The newsletter comes as tension between employers and their workers have caused internal strife at tech companies -- including at Google.

Stapleton said she started Tech Support due to an onslaught of questions she received from Google and non-Google employees since she left the company last June.

"After the walkout happened, I would constantly get messages from Googlers and it was so strange. I did a lot of coffees and hangouts with people. I was like 'what you looking for?' Turned out, a lot of issues could be boiled down to bad managers and toxic environments."

She also said that because of Covid-19's economic impact, she knows people can't just quit. "People aren't going to be quitting in protest right now," she said. "There's a motivation to resolve their issues and work them out mentally. I think there's room to offer some really practical advice."

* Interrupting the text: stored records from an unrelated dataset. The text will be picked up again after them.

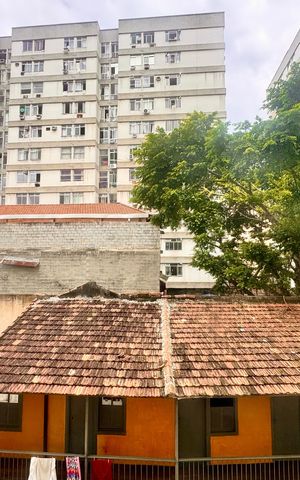 Apartamento à venda com 79m², 2 quartos e sem vaga Apartamento à venda com 79m², 2 quartos e sem vagaVista Sala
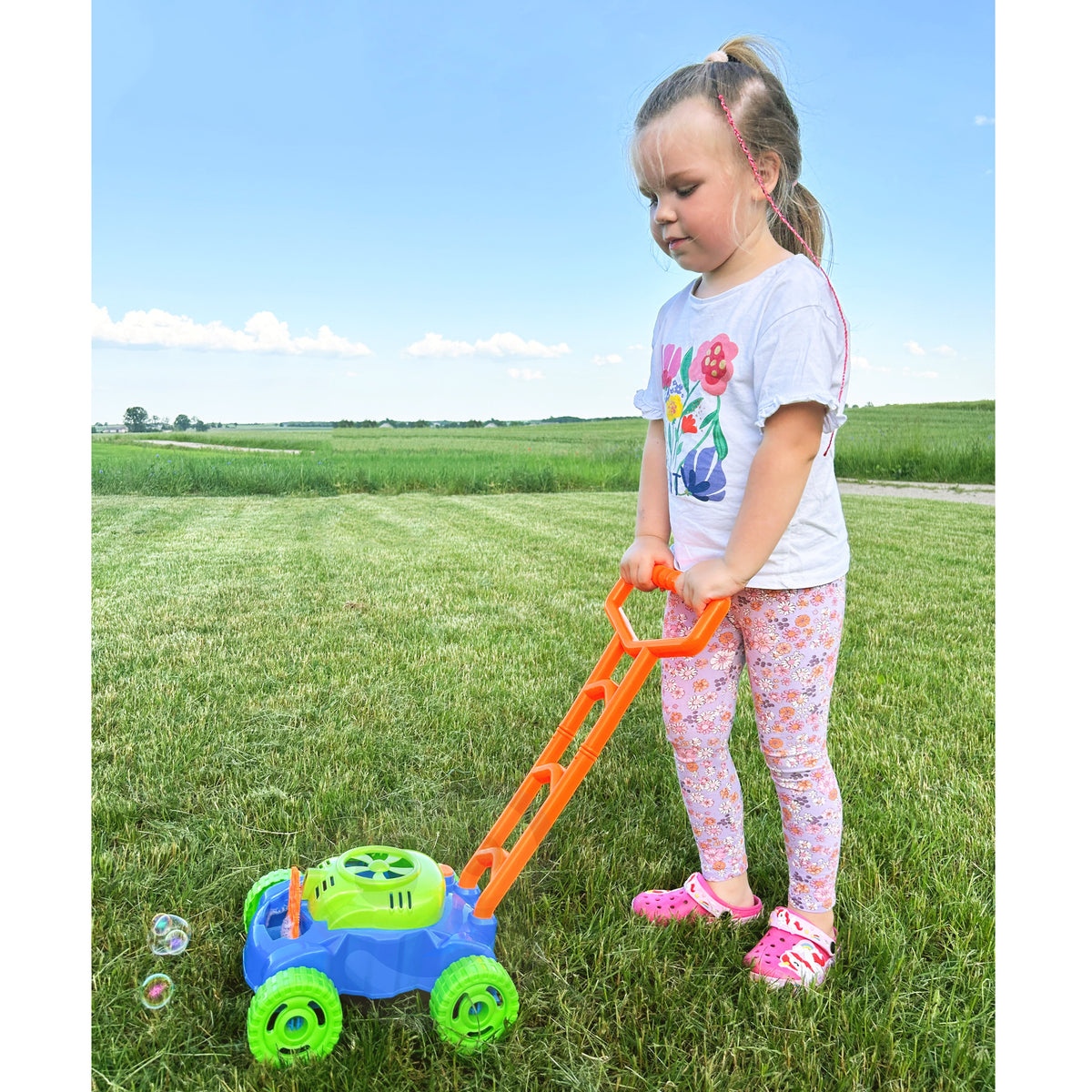Woopie bubble lawn mower – bubbles from eight rings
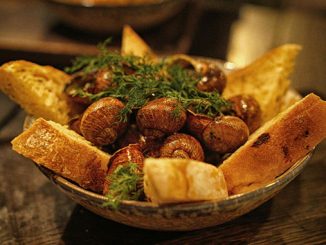 Masakan escargot dari Perancis yang terkenal di dunia kuliner yang dapat dengan mudah dimasak di rumah dengan alat dan bahan yang ada
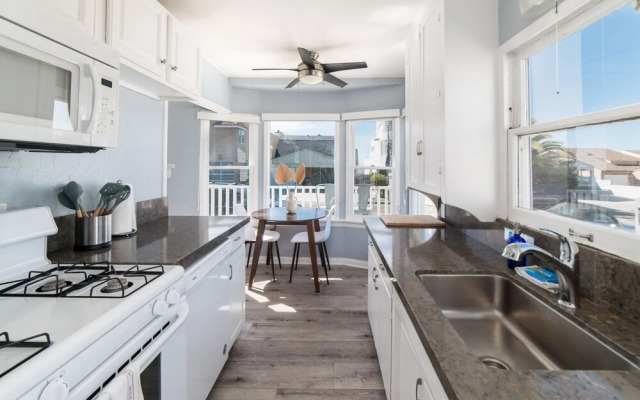 Pacific Bungalow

Former Google employee Claire Stapleton who organized Google Walkout, goes back in the industry to offer advice to tech workers through a new newsletter called Tech Support.
Tech Support newsletter art created by Shane Neufeld

She said that before and after she left Google, employees often tried to explain management issues in technical terminology but sometimes lacked emotional empathy, which she said she hopes to provide in her newsletter. While at YouTube, she ran into people who struggled to find how their work was impactful, especially as the company faced controversy and lawsuits, she said.

"People are trying to figure out their role in these companies and they're asking things like, 'Should I just run off and join the Peace Corps? What does a meaningful work-life look like?'" she said. "Googlers have posed questions about coming to terms of this dream they had -- the death of the Google dream is still in the air."

Stapleton said she's also received questions from non-Google employees such as an employee at Uber dealing with layoffs.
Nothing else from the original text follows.